Kareena Kapoor Khan: Feminism isn’t about male bashing
Actor Kareena Kapoor Khan was massively trolled on social media for saying that she believe in gender equality but is not a feminist. The actor clarifies her misunderstood remark.Updated: Jun 06, 2018 12:53 IST
Riding high on the great response her Friday release, Veere Di Wedding, is garnering, Kareena Kapoor Khan has once again proved why she’s among the top names in the film industry. Having portrayed varied roles in her career spanning nearly two decades, Kareena has only climbed her way up in Bollywood. Having made a comeback on the big screen since she became a mother in December 2016, Bebo is as excited as her fans. In a freewheeling chat, the actor clarifies her misunderstood feminist remark and also talks about the kind of films she’s been a part of and scripts she would want to choose in future.
You called Veere Di Wedding a progressive film. Has this term lost and found its meaning in Bollywood over the years?
I feel Indian films were quite progressive back in the ‘60s and even in the ‘70s; we were quite out there making some interesting women-centric films. There was a lull in the ‘90s, I’d say. And now, we are back, again. Also, with films like Raazi, which have done so well, I think people are ready for the kind of women centric films, which is fun yet emotional.
Where do you see yourself fitting in this entire shift that Bollywood has undergone?
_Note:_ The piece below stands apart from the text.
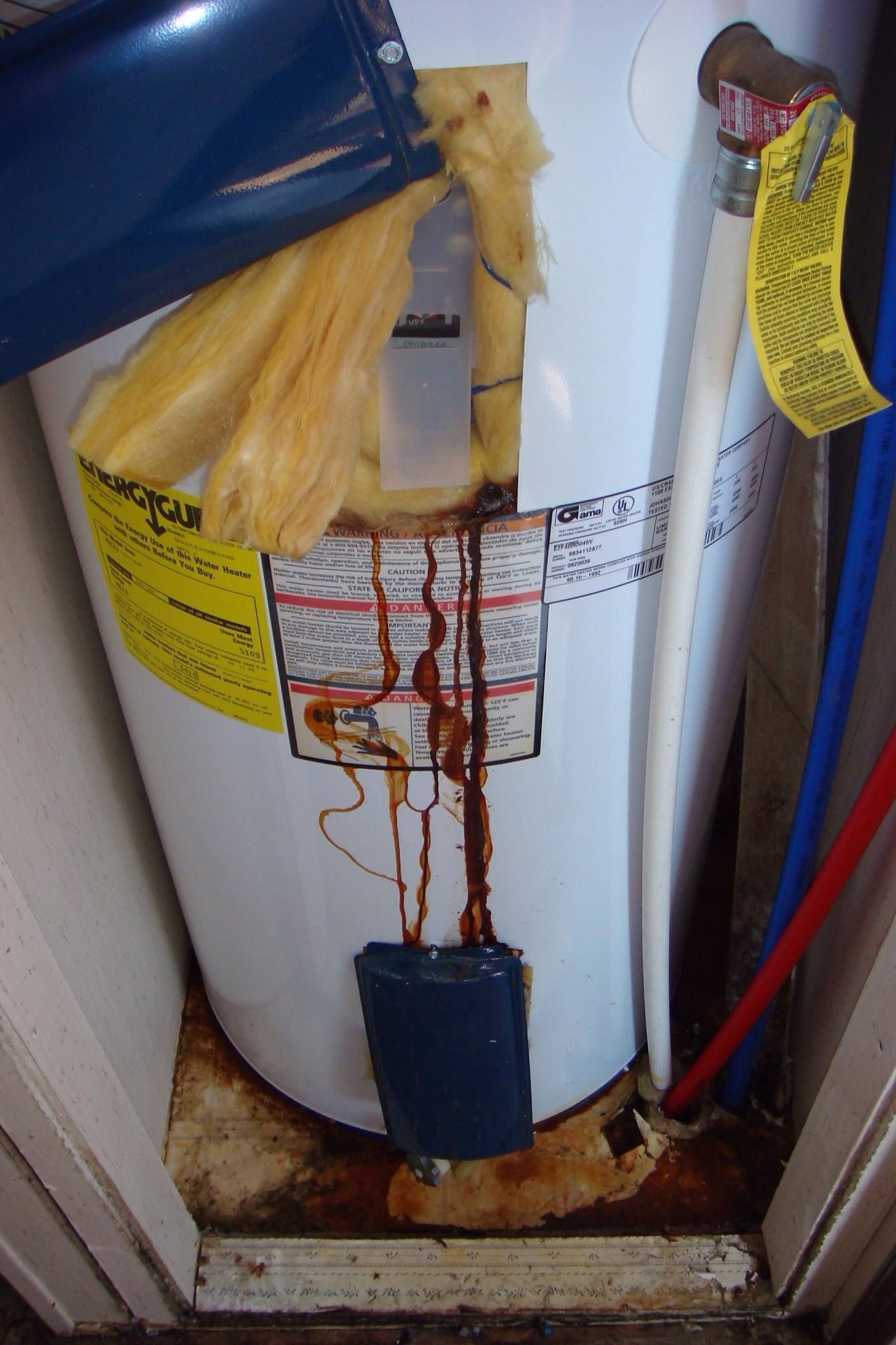 A water heater with a yellow sticker on it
I’ve always been interested in doing women centric films, be it Chameli, Dev or Jab We Met — they all had a female protagonist, which is very strong in the film. For that matter, Omkara was so ‘male centric’ because it had these big [male] stars [Saif Ali Khan, Vivek Oberoi, Ajay devgn] yet, it had pivotal parts for girls too [Kareena and Konkona Sen Sharma] in the film. So, despite so much male presence, it was quite female centric for its time. I’ll always pick and choose a film is interesting for me to do.
You’ve played a girl getting married in VDW. Are you again trying to make any kind of a statement through this character?
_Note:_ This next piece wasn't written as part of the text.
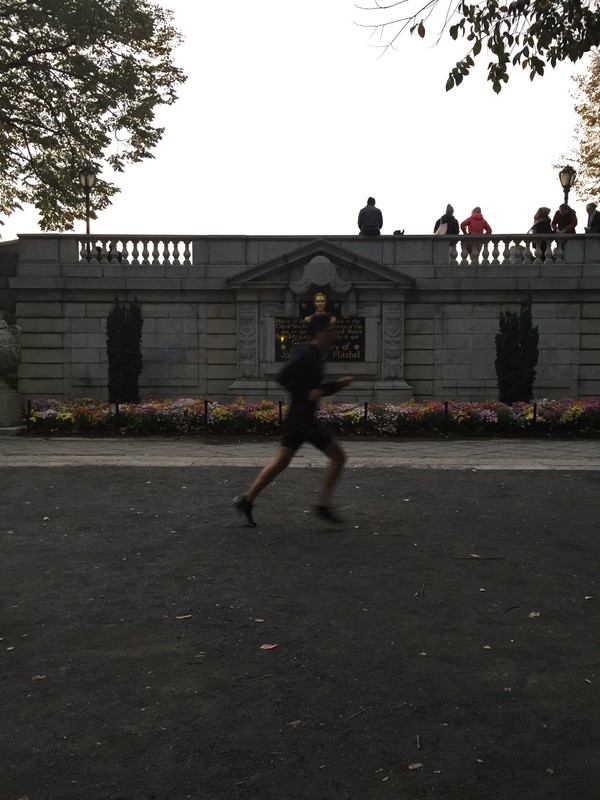 The monument compared to the scale of a human runner in the park.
Not directly, but probably indirectly in the film where we are trying to show how four friends just hang out in real life and how they react to things in the real world. That’s just the way how the film is and it’s not like based on feminism. We are trying to prove a point about women. Very subtly, it’ll come through that what kind of issue girls face.
Your recent remark about ‘not being a feminist but believing in gender equality’ got you trolled on social media.
What was wrong in the feminism statement? I still say that I believe in equality and there’s nothing wrong in it. Most people think that feminism means male bashing and that it makes women superior. That’s what they’ve always meant otherwise why they’d be fighting on twitter every time. It’s not just about that. In a way, I am a bit of a feminist but I am a feminist in the right way. I’m not trying to say than men are lesser because they are not. I believe it takes a two to tango in any kind of a relationship? But then, main kuch bhi statement bolun, trolls toh shuru ho jate hain, especially when it comes to feminism. Twitter is a playground for that and trolls thrive on it.
Do you think your words were misconstrued and taken out of context?
It’s fine. It doesn’t matter. The idea is I do believe in equality. I do believe it takes a man and a woman to set an example. If you don’t have a support system from a man and vice versa, a family also would be difficult to have. I don’t want to get associated with any ‘...ism’ — I mean why does it have to have a name or a tag?
After becoming a mother, has anything changed in the kind of films being offered to you?
It’s more to do with your choice and what you pick up. So, I’ll try and do different parts as much as I can in each film, but at the same time, it’s balancing little bit of commercial success too because at the end of the day, I am a mainstream actress.
Has Saif [husband] ever had a say in what kind of films you should take?
He never questions me about what films I do. Only if I ask him, we [might] discuss but he’s too progressive a man to ever ask me what I am doing. In fact, he says it’s your choice. Your success and your failure should be yours and mine are mine and I think anyway, both our film’s tastes are completely different.